- **EXERCISE MATERIAL**
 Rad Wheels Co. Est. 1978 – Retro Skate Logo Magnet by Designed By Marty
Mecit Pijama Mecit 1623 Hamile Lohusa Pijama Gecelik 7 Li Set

--

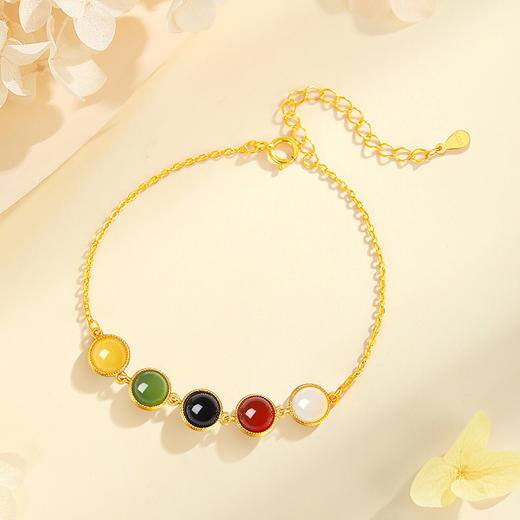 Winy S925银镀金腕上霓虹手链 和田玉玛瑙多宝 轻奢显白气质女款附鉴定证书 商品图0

- **GOAL OF THE EXERCISE**
Exactly the lines above from the one with "Rad Wheels Co." to the one with "Mecit Pijama Mecit", both included, are to be quoted; leave the rest out.

- **WRITTEN RESPONSE**
 Rad Wheels Co. Est. 1978 – Retro Skate Logo Magnet by Designed By Marty
Mecit Pijama Mecit 1623 Hamile Lohusa Pijama Gecelik 7 Li Set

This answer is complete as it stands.